Aku mengamati juga wajahnya, seakan tak percaya. Saat itu betul- betul nyata. Aku menepuk - nepuk pipiku. Mencek apa aku sedang bermimpi atau tidak. Dermawan saat itu hanya tertawa kecil. Seyuman yang sangat manis. Aku memandanginya lagi dan memeluknya lebih erat. Sangat bahagia.

Kami meninggalkan keramaian - dan mencari cafe untuk berbincang – bincang. Kami duduk di teras cafe, karena cuaca sangat bagus menjelang malam. Lalu lalang orang di depan cafe sangat cepat. kebanyakan mereka mengarah ke alun – alun kota. Di Cafe ada beberapa orang. Tak semua ingin merayakan Rosenmontag.

“Was bestellen Sie?”, kata pelayan yang saat itu mengenakan seragam dan dasi kupu –kupu.

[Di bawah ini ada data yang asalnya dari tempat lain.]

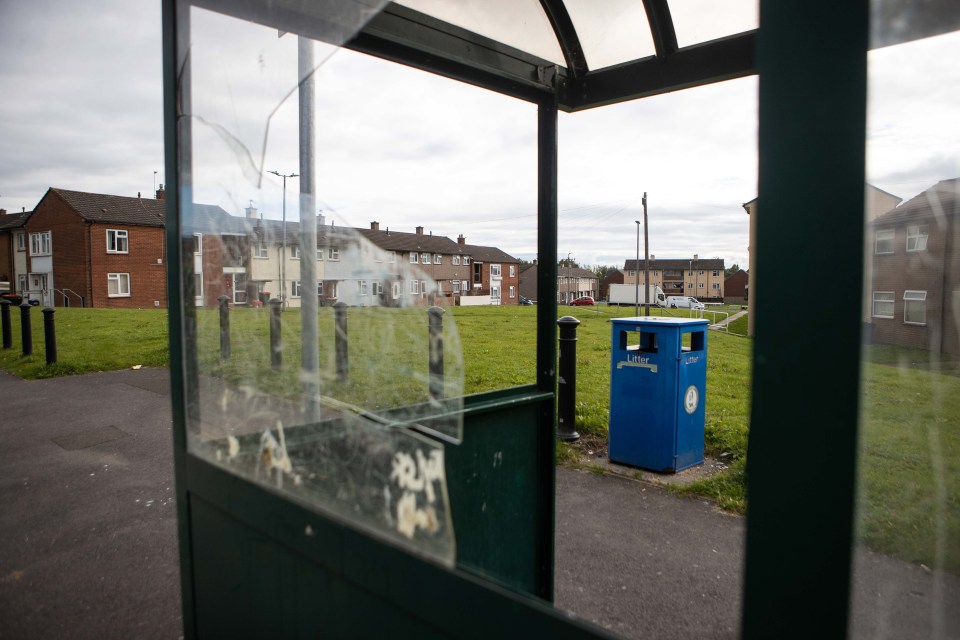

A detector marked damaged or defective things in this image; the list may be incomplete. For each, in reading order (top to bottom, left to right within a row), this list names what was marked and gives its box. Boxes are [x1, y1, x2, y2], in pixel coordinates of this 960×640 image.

smashed glass panel [181, 3, 468, 564]
smashed glass panel [668, 0, 756, 49]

“Was haben Sie?”, kataku Jelas. Meminta penjelasan lebih lanjut. Makanan apa yang disediakan di restoran tersebut.

Pelayan itu menyodorkan menu makanan. Setelah aku dan Dermawan memilih menu. Kami melanjutkan berbincang.

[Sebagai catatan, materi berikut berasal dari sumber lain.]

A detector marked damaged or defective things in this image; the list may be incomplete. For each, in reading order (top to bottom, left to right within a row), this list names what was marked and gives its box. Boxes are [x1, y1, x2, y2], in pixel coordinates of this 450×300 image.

Kami duduk bersebelahan.Bersitatap, saling melemparkan seyum dan sesekali berpegangan tangan. Membesarkan cinta. Tak lama pesanan datang. Aku meneguk kopi di cangkir pelan – pelan. Tubuhku bertambah hangat. Tidak banyak yang dibicarakan, Dermawan tidak henti – hentinya bercanda. Sampai aku tertawa terpingkal – pingkal. Kami menjadi pusat perhatian. Tetapi kami tidak hiraukan. Kami menikmti setiap kebersamaan yang sangat singkat.

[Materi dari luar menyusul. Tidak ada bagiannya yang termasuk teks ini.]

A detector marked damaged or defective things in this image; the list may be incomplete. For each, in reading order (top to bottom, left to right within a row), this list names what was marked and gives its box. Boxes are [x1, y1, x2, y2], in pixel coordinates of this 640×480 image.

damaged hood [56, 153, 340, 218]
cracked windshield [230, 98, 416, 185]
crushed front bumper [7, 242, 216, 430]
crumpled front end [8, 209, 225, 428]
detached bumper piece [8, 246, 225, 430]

“Menikahlah denganku”, ia menyodorkan cincin berlian. Desain berkelas dan sangat indah. Aku tak bisa berkata apa – apa. Mataku sepertinya tak kuasa menahan air mata yang sulit dibendung. Aku memegang tangan Dermawan penuh.

“Cin, Kamu tahu, kita sulit untuk menikah”, kataku meyakinkan. Hatiku begitu sakit. Menolak orang yang sangat berarti dalam hidupku . Padahal aku sangat ingin hidup bersamanya.

“Karena orang tua kita?”, katanya menahan marah. Kami tidak direstui oleh kedua orang tua kami. Dermawan tak diijinkan untuk menikah dengan perempuan di luar kastanya. Kalaupun boleh. Perempuan itu harus berpindah agama mengikuti Dermawan. Sementara orang tuaku tidak mengijinkan, karena perbedaan agama.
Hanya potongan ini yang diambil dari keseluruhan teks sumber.